▶ **PROBLEM**:
Below are some records. Return exactly the lines from the one containing "QUARTERFINALS Belgium v" through the one containing "ACiyD Bildschirmlupe für", both included, and only those.

▶ **MATERIAL SUPPLIED**:
──────

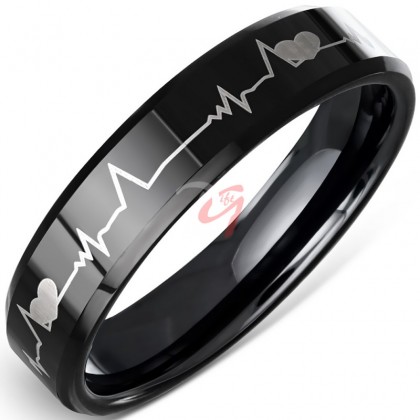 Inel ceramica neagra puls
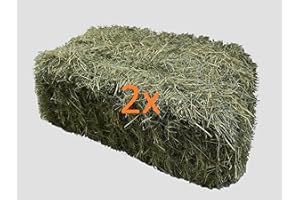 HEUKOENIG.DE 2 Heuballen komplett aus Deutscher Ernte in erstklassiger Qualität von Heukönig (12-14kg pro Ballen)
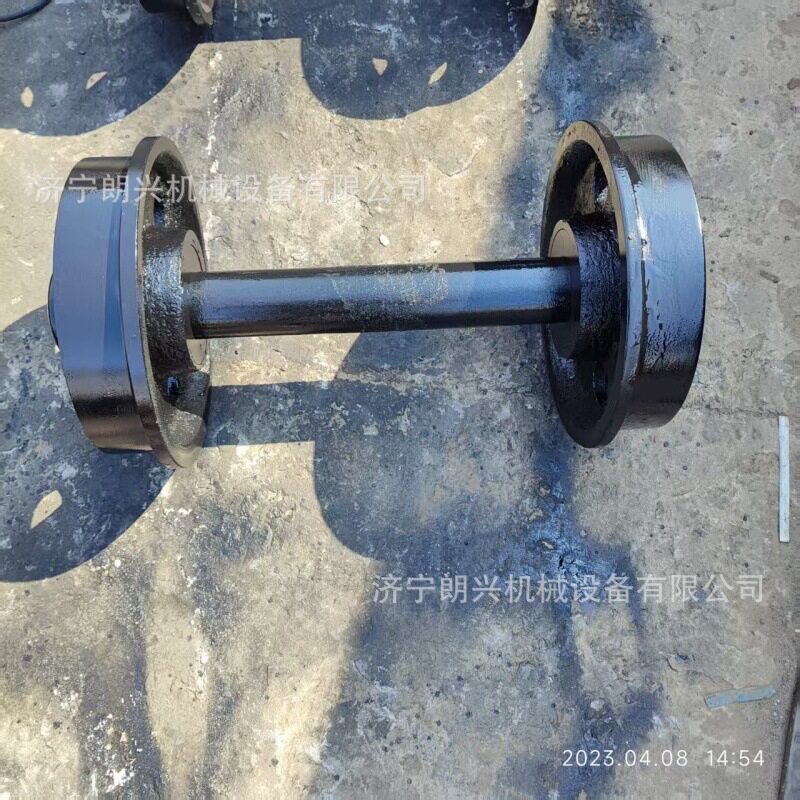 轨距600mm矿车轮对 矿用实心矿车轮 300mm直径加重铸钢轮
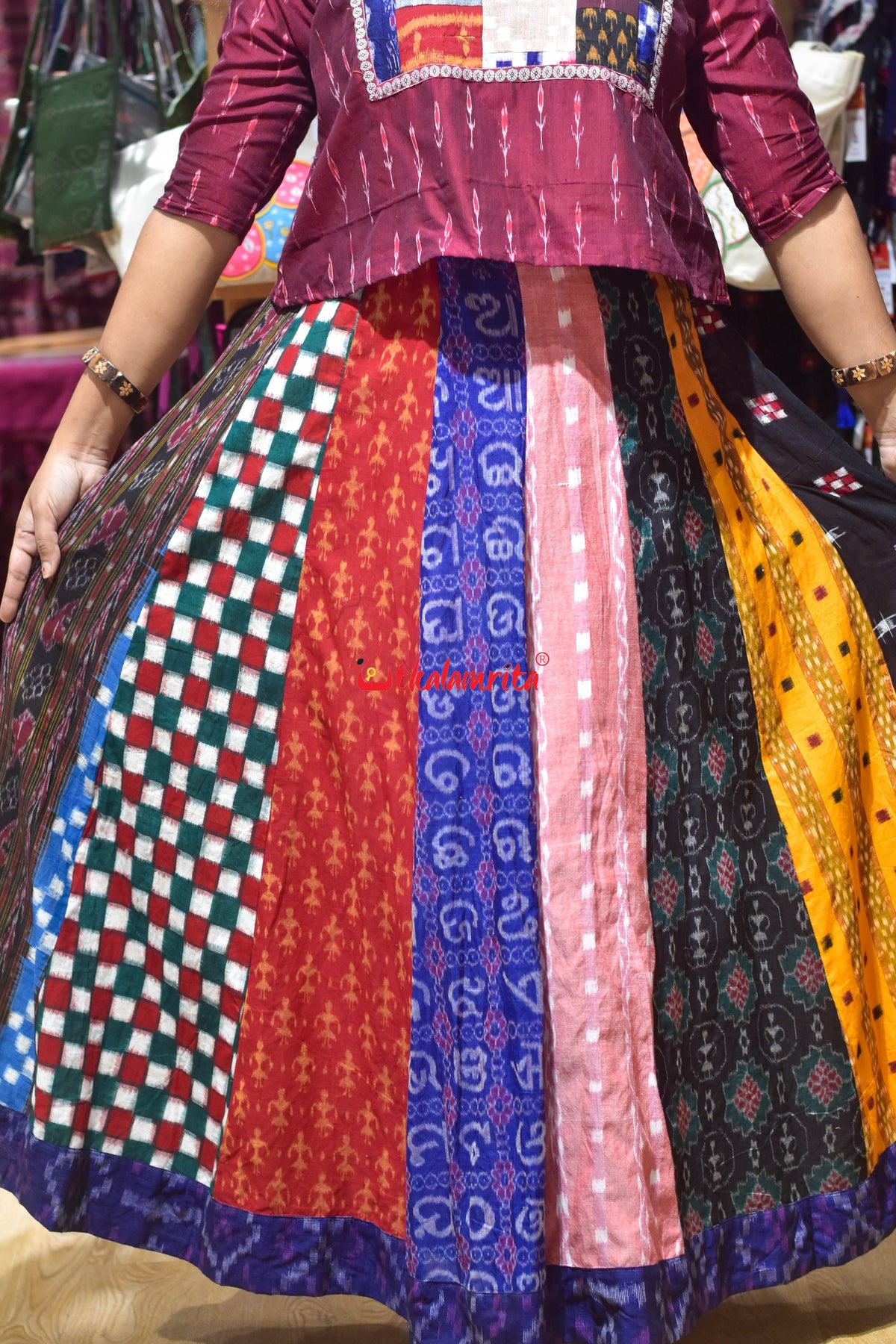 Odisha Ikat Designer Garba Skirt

──────

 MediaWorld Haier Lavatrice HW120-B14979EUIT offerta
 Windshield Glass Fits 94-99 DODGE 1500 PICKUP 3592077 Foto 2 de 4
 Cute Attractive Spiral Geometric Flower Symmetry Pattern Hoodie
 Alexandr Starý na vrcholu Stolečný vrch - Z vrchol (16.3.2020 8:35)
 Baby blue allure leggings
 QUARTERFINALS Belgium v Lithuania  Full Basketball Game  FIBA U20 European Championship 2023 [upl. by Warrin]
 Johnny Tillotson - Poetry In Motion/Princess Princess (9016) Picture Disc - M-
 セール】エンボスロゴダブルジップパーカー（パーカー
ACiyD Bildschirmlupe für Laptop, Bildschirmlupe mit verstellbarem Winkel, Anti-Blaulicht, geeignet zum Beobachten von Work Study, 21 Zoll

──────

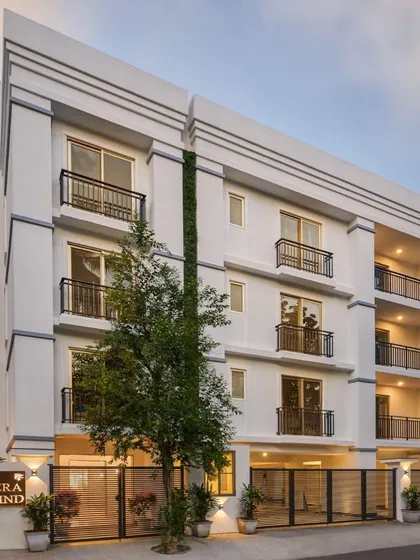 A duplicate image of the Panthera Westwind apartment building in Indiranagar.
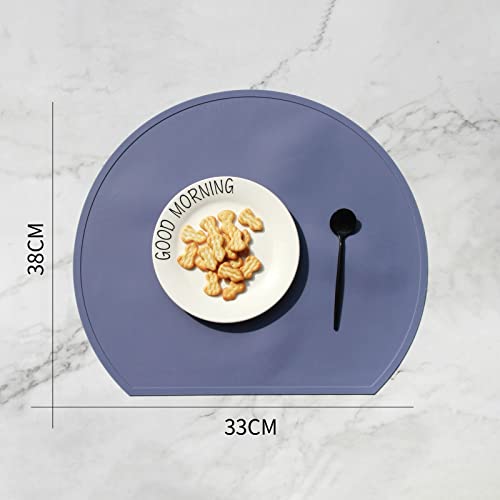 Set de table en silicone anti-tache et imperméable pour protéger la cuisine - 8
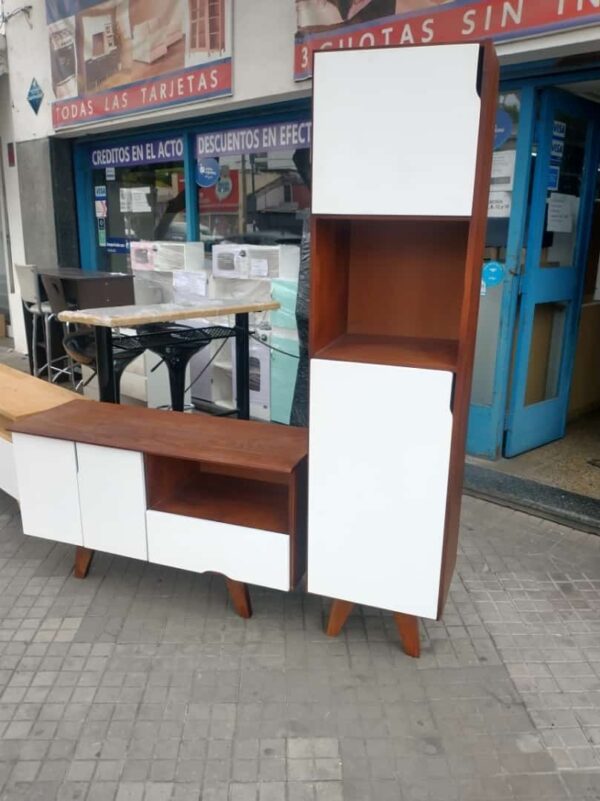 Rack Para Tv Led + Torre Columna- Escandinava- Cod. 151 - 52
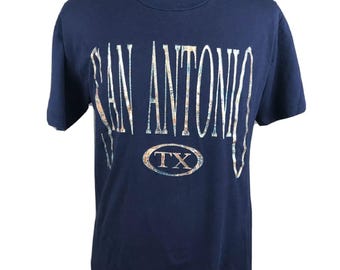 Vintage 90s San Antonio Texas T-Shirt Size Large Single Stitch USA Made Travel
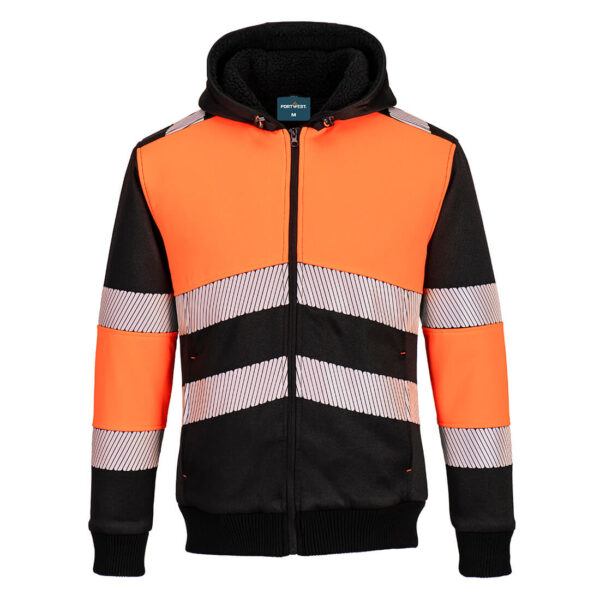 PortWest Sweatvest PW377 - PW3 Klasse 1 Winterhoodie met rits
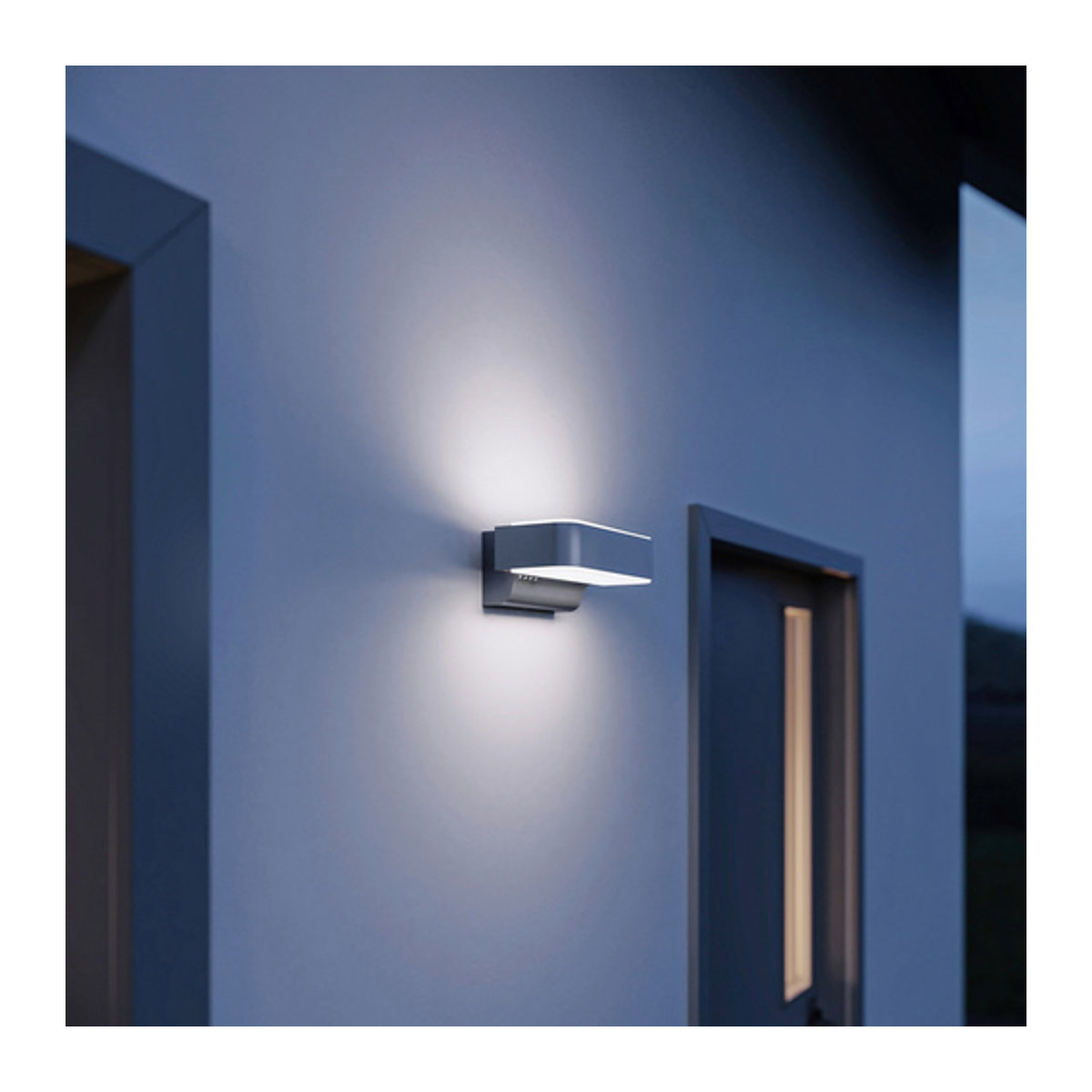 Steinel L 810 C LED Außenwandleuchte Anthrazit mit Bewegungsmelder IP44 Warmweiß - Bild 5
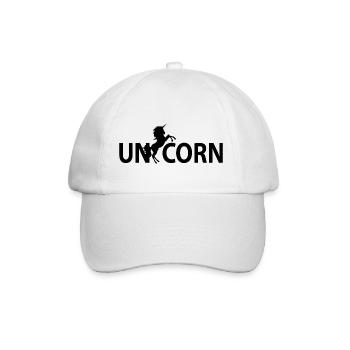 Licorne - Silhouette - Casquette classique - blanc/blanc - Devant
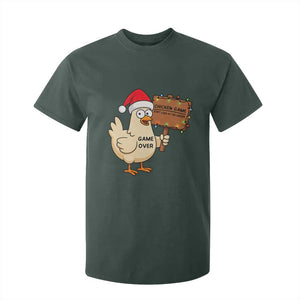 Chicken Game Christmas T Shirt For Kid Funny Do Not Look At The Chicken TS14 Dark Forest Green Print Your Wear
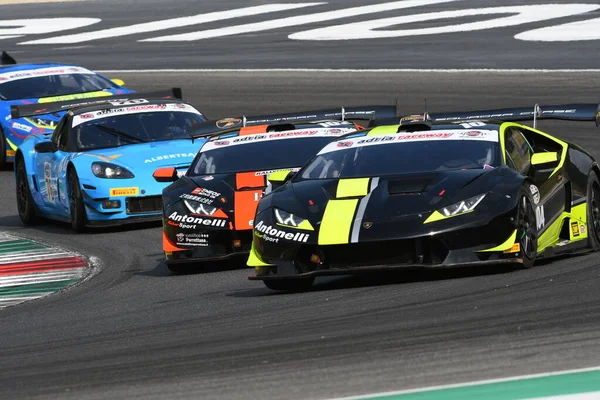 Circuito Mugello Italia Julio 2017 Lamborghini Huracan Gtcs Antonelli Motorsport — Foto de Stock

──────

▶ **SOLUTION**:
 QUARTERFINALS Belgium v Lithuania  Full Basketball Game  FIBA U20 European Championship 2023 [upl. by Warrin]
 Johnny Tillotson - Poetry In Motion/Princess Princess (9016) Picture Disc - M-
 セール】エンボスロゴダブルジップパーカー（パーカー
ACiyD Bildschirmlupe für Laptop, Bildschirmlupe mit verstellbarem Winkel, Anti-Blaulicht, geeignet zum Beobachten von Work Study, 21 Zoll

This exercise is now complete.